Aversive racism, a related concept, refers to an intrapsychic conflict between interracial antipathy and concerns for egalitarian principles. They find the idea of themselves being racist, averse. The theory of aversive racism predicts that discrimination is most likely to occur when normative structure is weak. So, when there are vague guidelines for appropriate behavior, discrimination is most likely to occur for aversive racists.

Contemporary racism is the general term for symbolic and modern racism.

Gender stereotypes, prejudice and discrimination

Studies have shown that women employees are often not given enough credit for their successes. To overcome discrimination, they have to show abnormally high performance. Also, female employees' evaluations are less positive than male employees'.

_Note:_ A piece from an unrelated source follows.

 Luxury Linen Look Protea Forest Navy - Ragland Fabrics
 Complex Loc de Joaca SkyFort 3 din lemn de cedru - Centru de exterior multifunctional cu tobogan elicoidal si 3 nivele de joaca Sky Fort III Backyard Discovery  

Prescriptive stereotypes discriminate against women through disparate treatment. This means that they are punished when they violate expectations of how women should behave. For example, when women self-promote during interviews, they may succeed in establishing perceived competence, but they will probably be less liked and therefore less often hired. 

Managing diversity

There are two main sociocultural models of diversity: the awareness and inclusion of differences, and color-blindness models. The first refers to that differences between people are real, substantial and should be acknowledged and valued. The latter refers to that differences between people are merely superficial and that they are irrelevant to how people should treat each other. Thus, differences should be ignored.

Color-blindness

It seems that the color-blind policy is not realistic. No organization would probably hire someone without an interview. Also, the color-blind perspective lacks wide support and people are often unaware of their automatic categorization of others.

What to do?

To combat stereotyping and prejudice, we could use the two routes to perception: automatic and controlled. It seems that making people more motivated and informed, leads to more complex assessments. Organizations should also acknowledge the role of power. Powerful people are more vulnerable to stereotypes, because they often experience a high cognitive load. An organization could also create interdependence. An interdependent relationship leads to that the perceiver pays more attention to the target, because outcomes depend on that person.